A number of the most conservative skeptics of two proposed trade bills in the House of Representatives say that there is no real evidence to suggest that the legislation in the bills uses language that would enable the advancement of comprehensive immigration reform. On Wednesday, at the monthly Conversations with Conservatives meeting on Capitol Hill, Republican representatives Raul Labrador and Tim Huelskamp were among those who stated that while they remained on the fence when it came to the legislation of the Trans-Pacific Partnership and the Transatlantic Trade and Investment Partnership, they did not believe that the legislation contained anything that would help to sneak into law the kind of immigration reform championed by President Obama.
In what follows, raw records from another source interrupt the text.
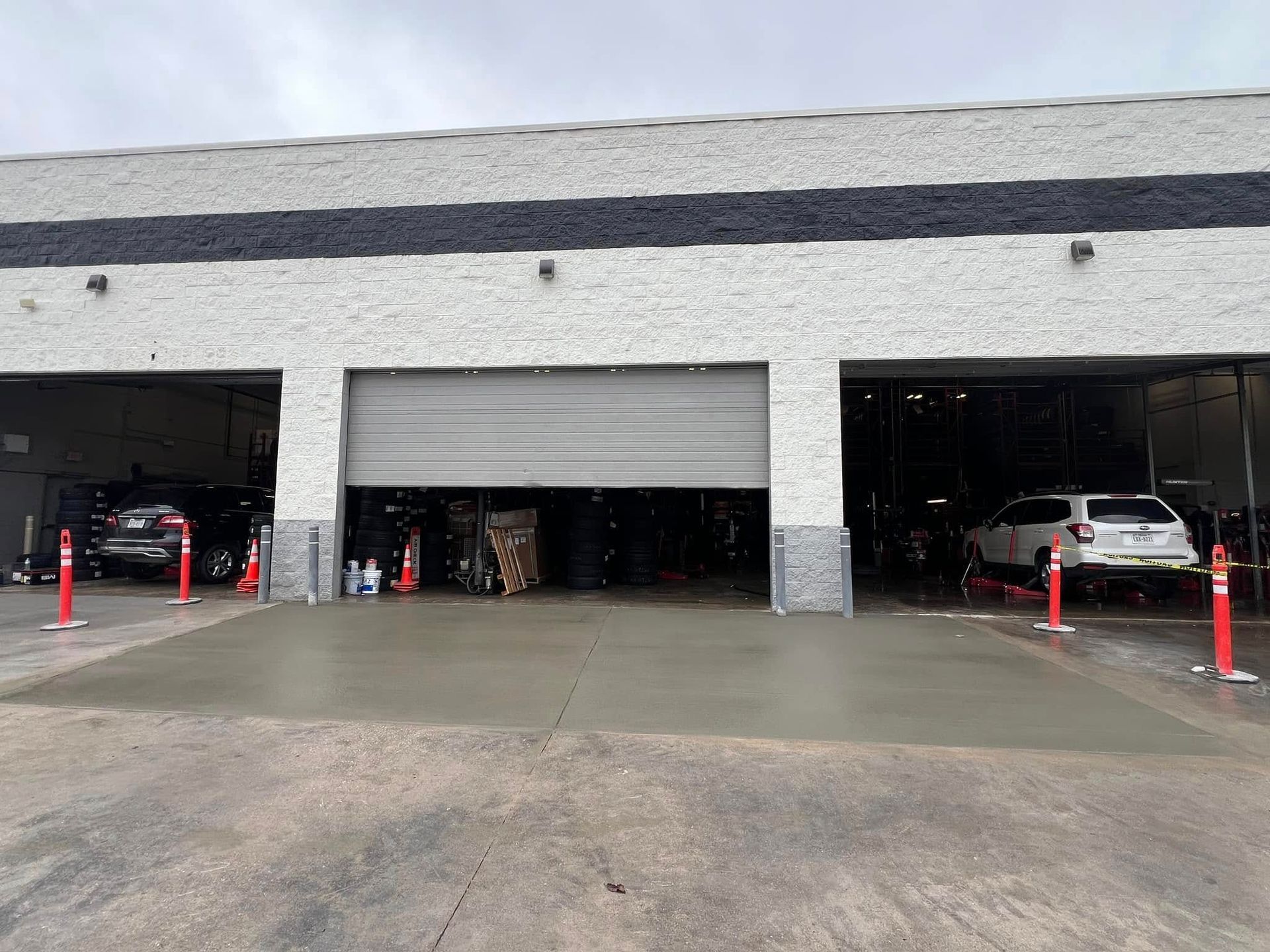 Car wash exterior with three bays. Two cars inside, one in each end bay, and the center bay is open.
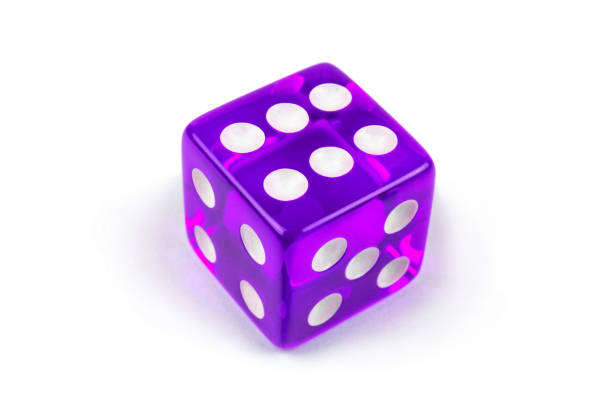 istock Purple glass game dice closeup isolated on white. Six with shadow. 1270820524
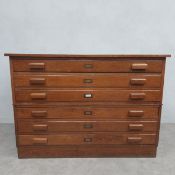 A C.1900 two section oak plan chest each section with three long drawers of panelled construction.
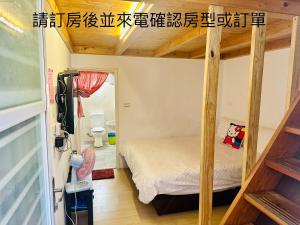 Postel nebo postele na pokoji v ubytování Kenting Bayview Hotel
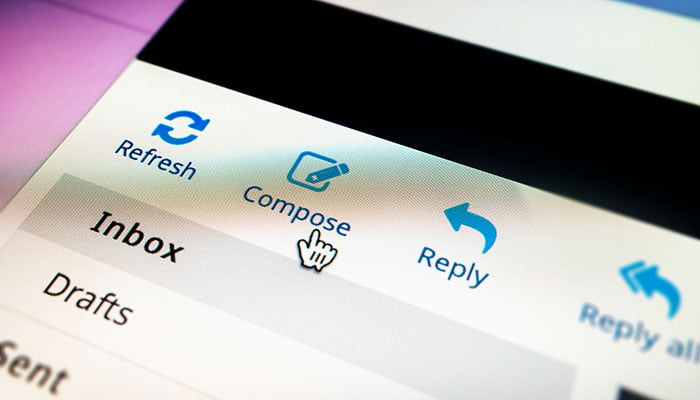 computer mouse hovering over "compose" email button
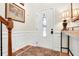 Bright foyer with hardwood floors, decorative wainscoting, and elegant console table at 247 Creek View Ln, Acworth, GA 30102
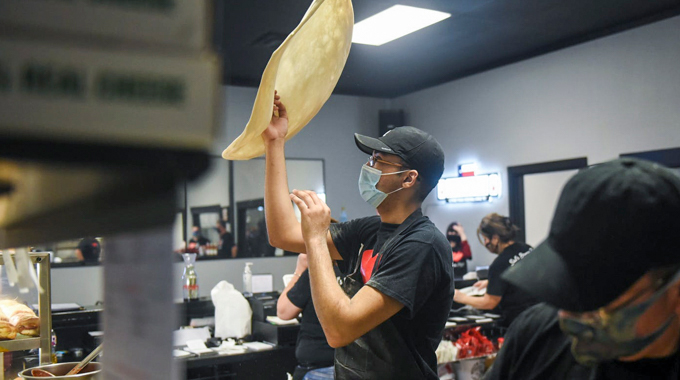 Sal’s Pizza employee tossing pizza dough.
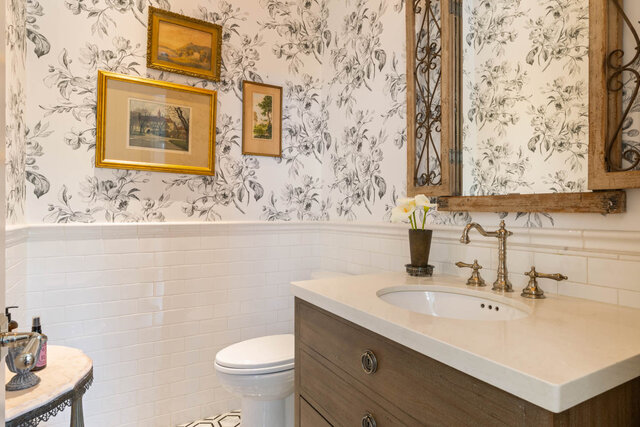 A stylish bathroom with floral wallpaper, white tile wainscoting, and a wooden vanity with brass fixtures. - 1248 Kings Avenue, West Vancouver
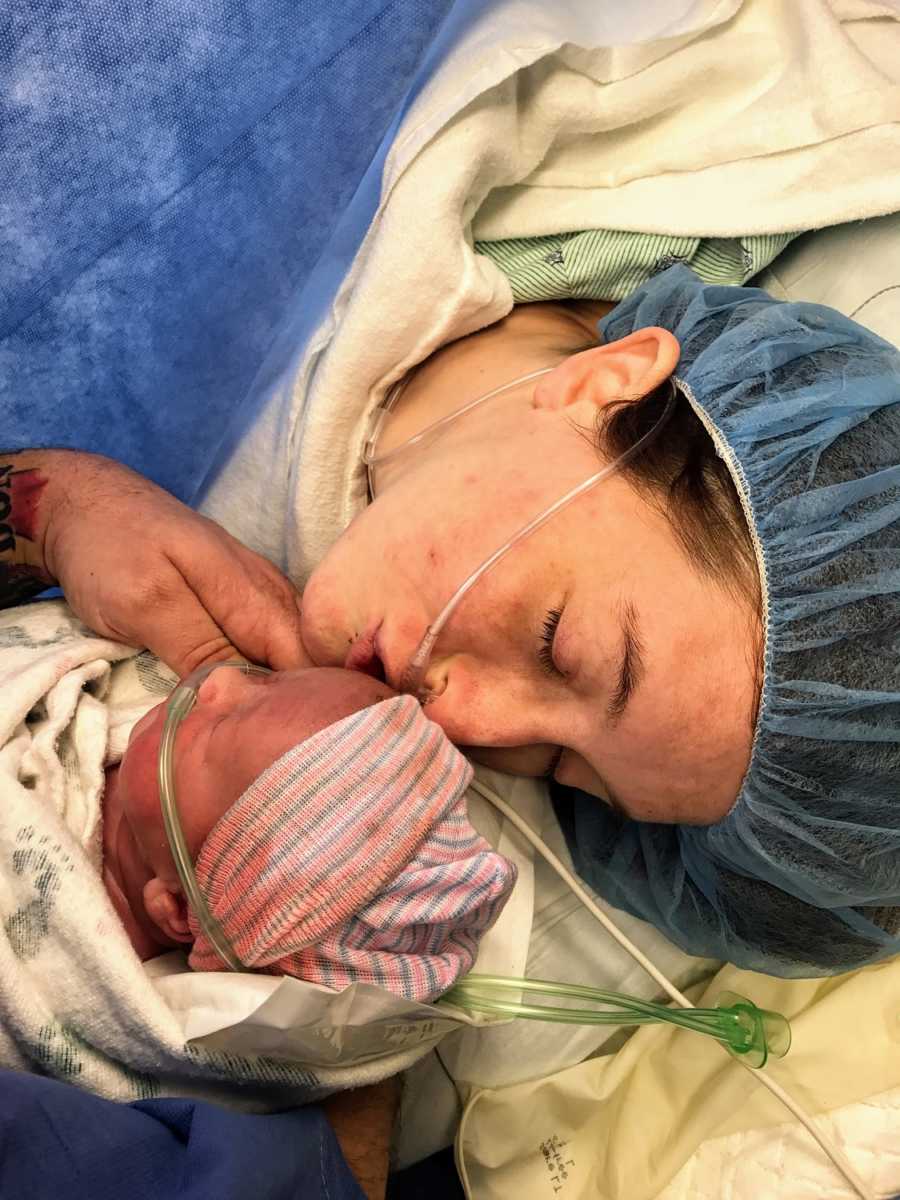 A disabled mother kisses her newborn shortly after his birth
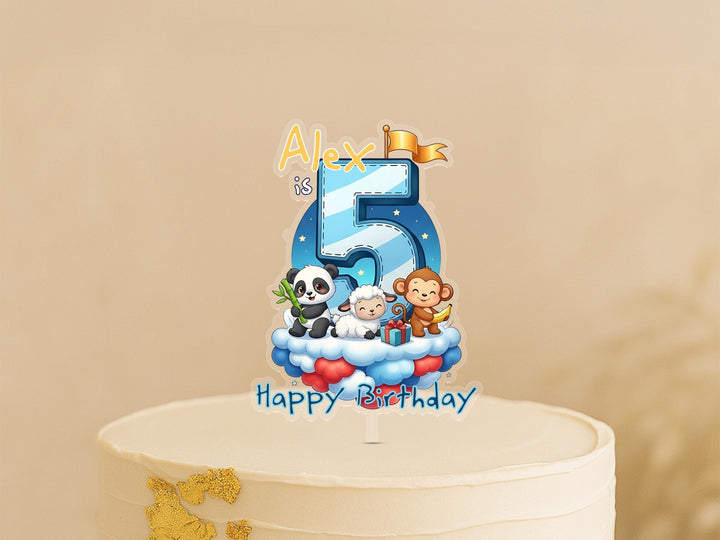 A birthday cake topper featuring a cartoon image of a panda, monkey, and sheep, along with the text "Happy Birthday Alex is 5".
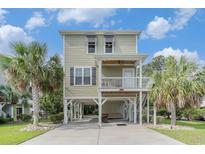 Stunning raised beach house with lush landscaping and covered parking, perfect for coastal living at 58 Fathom Ln., Murrells Inlet, SC 29576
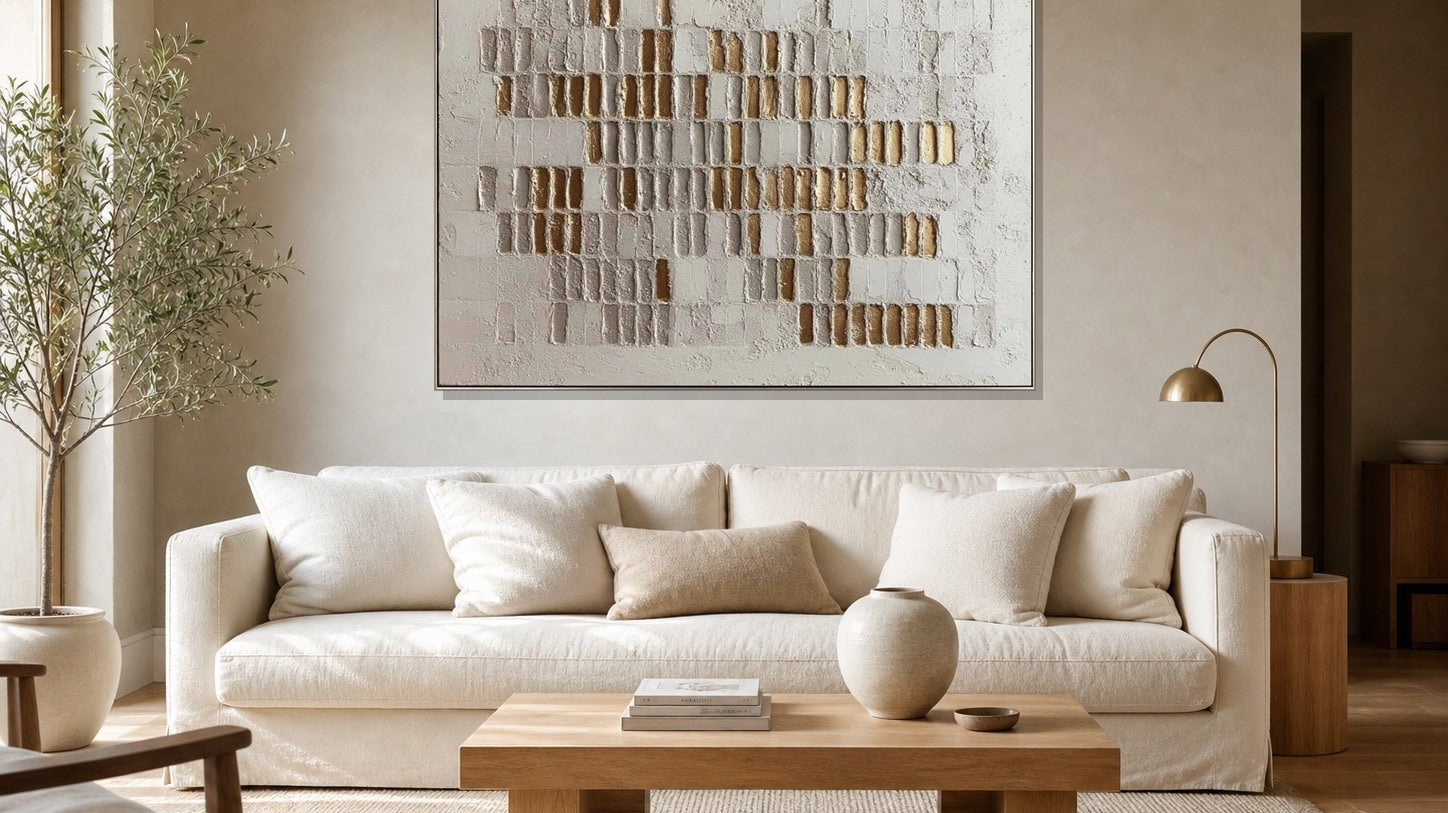 White and gold textured wall art above an ivory sofa in a warm neutral living room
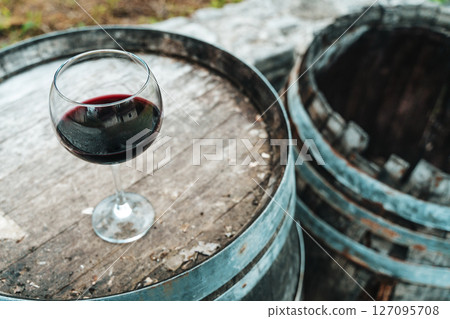 Glass of Red Wine on Old Oak Barrel in Rustic Cellar Glass of Red Wine on Old Oak Barrel in Rustic Cellar 127095708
The lawmakers’ views are thus quite different to the view of Alabama senator Jeff Sessions, the primary Republican opponent of the bills in the Senate, and are in agreement with those of the White House and Paul Ryan, the chairman of the House Ways and Means Committee. Last month Ryan derided the idea that the trade legislation somehow enabled comprehensive immigration reform as “the latest urban legend”, a sentiment backed up by White House press secretary Josh Earnest.
“We have not found any evidence there is something in the deal that mentions immigration,” Labrador says. Huelskamp agrees, noting that while the legislation does refer to US visas used for business purposes, there is nothing that deals with immigration.